C’est le cas par exemple des sociétés telles que les sociétés HLM, EDF, SNCF et ses filiales, l’ONF, l’ADEME…
Les opérateurs économiques
Les fournisseurs et prestataires peuvent être des entreprises, des personnes physiques ou des personnes publiques. Ils sont qualifiés d’opérateurs économiques. Le principe d’égalité de traitement des candidats interdit à l’acheteur de favoriser telle ou telle catégorie d’entreprise. C’est le cas par exemple les entreprises locales.
Résultat d’une nécessaire mise en concurrence très encadrée
Un carcan de règles pour l’acheteur…
Les acheteurs sont soumis à de très nombreuses règles avant de pouvoir acheter quoi que ce soit. Cette réglementation est désormais contenue dans un code , le code de la Commande Publique (CCP) en vigueur depuis avril 2019. Cela ne veut pas dire qu’avant cette date ils pouvaient acheter comme ils le souhaitaient mais juste que désormais toute la réglementation est concentrée dans un texte unique. C’est important car si tu penses que dans les marchés publics tout est plus ou moins couru d’avance et que ça ne sert à rien d’y aller ! C’est faux ! Il est beaucoup plus difficile pour un acheteur soumis au CCP de « faire passer » celui qu’il veut que dans le privé pur. Pourquoi ? Parce que l’acheteur a un nombre incalculable de justificatifs à fournir et à écrire. Et écrire c’est s’engager et prendre ses responsabilités. Du coup, quand on ne suis pas les règles on risque sa place et ça fait forcement réfléchir… Alors oui il y a des affaires qui font les gros titres ! Ça doit exister mais combien de marchés passés par an et combien de marchés où l’attribution est pipée parce que c’est un proche de X ou de Y ? Quel ratio par rapport au privé ? Les média aujourd’hui sont à l’affût de ce genre d’histoire croustillante et un élu ou un dirigeant nommé a sans doute plus à perdre qu’à gagner dans ce genre de manœuvre. Au cours de ma carrière, je n’en ai pas vu à une exception près… Il y a eu une tentative une fois, mais devant le gap à franchir entre la valeur de l’offre de l’entreprise « poussée » et celle qui devait sortir première, mon dirigeant de l’époque n’a pas pris le risque et en ma qualité de responsable juridique, je n’ai pu que m’en féliciter !
Quand un opérationnel d’un service métier estime que l’entreprise A est plus à même de répondre au besoin que l’entreprise B mais que l’offre de A n’est pas à la hauteur de l’offre de B, c’est B qui remporte le marché.

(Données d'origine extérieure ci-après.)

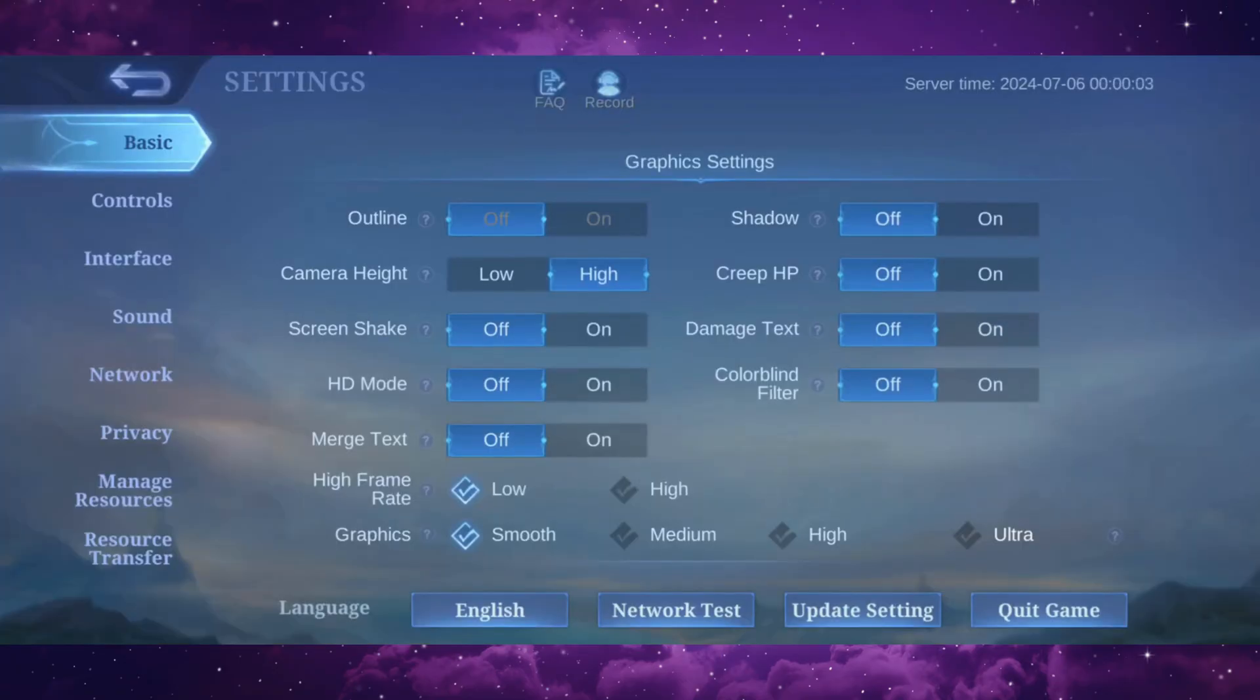Now this is the lowest graphics settings for Mobile Legends and it should fix your FPS drop and lag in the game.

Le blabla contre le factuel ça ne tient pas en marché public d’où l’importance de bien soigner sa réponse technique. Si ta réponse technique répond point par point aux demandes de l’acheteur tu diminues la marge de subjectivité qui est inhérente à l’analyse de l’offre technique. Il faut en tirer des enseignements… Cela signifie que :
- si tu as présenté ton offre à ton client opérationnel ou à son représentant éventuel (maître d’oeuvre en matière de travaux ou assistant à maîtrise d’ouvrage (AMO) ou conseil), bref, celui qui est en charge de réaliser l’analyse des offres.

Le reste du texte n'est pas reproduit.